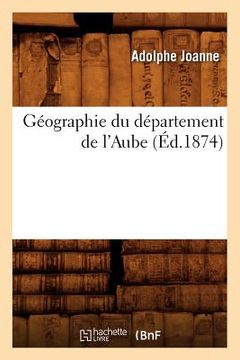 portada Géographie Du Département de l'Aube (Éd.1874) (en Francés)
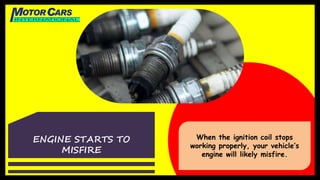 Symptoms of a Faulty Ignition Coil in your Vehicle PPTX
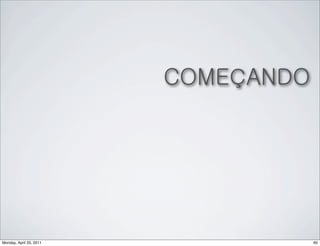 COMEÇANDO




Monday, April 25, 2011               60
 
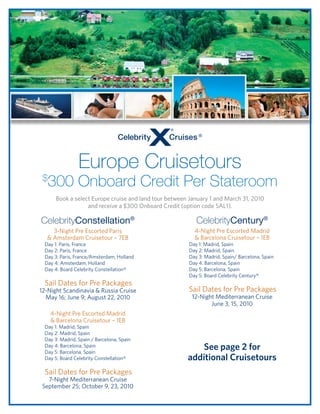 Europe Cruisetours
 $
     300 Onboard Credit Per Stateroom
       Book a select Europe cruise and land tour between January 1 and March 31, 2010
                   and receive a $300 Onboard Credit (option code SAL1).

CelebrityConstellation®                                    CelebrityCentury®
    3-Night Pre Escorted Paris                             4-Night Pre Escorted Madrid
  & Amsterdam Cruisetour – 7EB                             & Barcelona Cruisetour – 1EB
 Day 1: Paris, France                                   Day 1: Madrid, Spain
 Day 2: Paris, France                                   Day 2: Madrid, Spain
 Day 3: Paris, France/Amsterdam, Holland                Day 3: Madrid, Spain/ Barcelona, Spain
 Day 4: Amsterdam, Holland                              Day 4: Barcelona, Spain
 Day 4: Board Celebrity Constellation®                  Day 5: Barcelona, Spain
                                                        Day 5: Board Celebrity Century®
 Sail Dates for Pre Packages
12-Night Scandinavia & Russia Cruise                    Sail Dates for Pre Packages
  May 16; June 9; August 22, 2010                        12-Night Mediterranean Cruise
                                                                June 3, 15, 2010
     4-Night Pre Escorted Madrid
     & Barcelona Cruisetour – 1EB
 Day 1: Madrid, Spain
 Day 2: Madrid, Spain
 Day 3: Madrid, Spain / Barcelona, Spain
 Day 4: Barcelona, Spain
 Day 5: Barcelona, Spain
                                                            See page 2 for
 Day 5: Board Celebrity Constellation®                  additional Cruisetours
 Sail Dates for Pre Packages
   7-Night Mediterranean Cruise
 September 25; October 9, 23, 2010
 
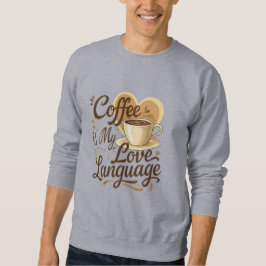 Coffee is My Love Language Funny Quote Sweatshirt  スウェットシャツ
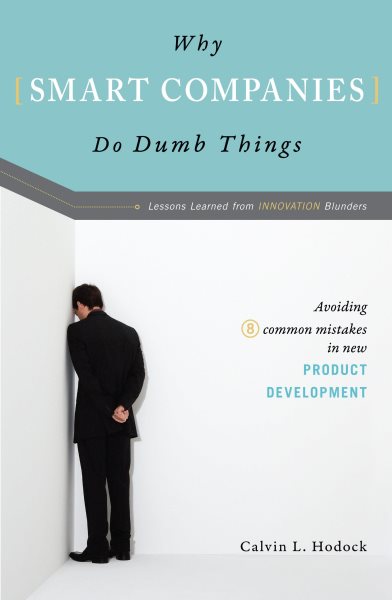 Why Smart Companies Do Dumb Things: Avoiding Eight Common Mistakes in New Product Development cover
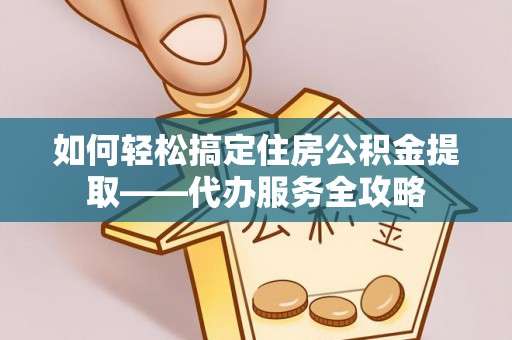 合肥如何轻松搞定住房公积金提取——代办服务全攻略
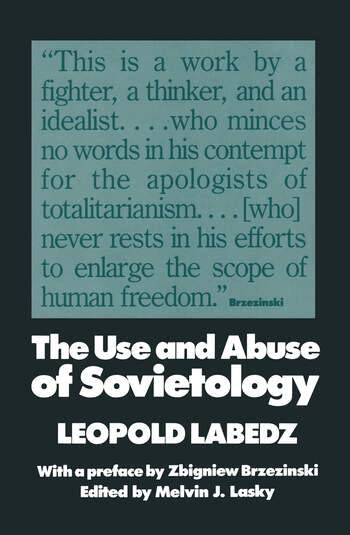 The Use and Abuse of Sovietology - Retail Maharaj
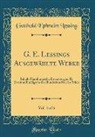 Gotthold Ephraim Lessing - G. E. Lessings Ausgewählte Werke, Vol. 4 of 6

• _Task prompt_:
Up to and including the line containing "Book a select", repeat every line from the start of the data, but none of the pictures.

• _Exercise answer_:
 portada Géographie Du Département de l'Aube (Éd.1874) (en Francés)
 Symptoms of a Faulty Ignition Coil in your Vehicle PPTX
 COMEÇANDO




Monday, April 25, 2011               60
 
 Europe Cruisetours
 $
     300 Onboard Credit Per Stateroom
       Book a select Europe cruise and land tour between January 1 and March 31, 2010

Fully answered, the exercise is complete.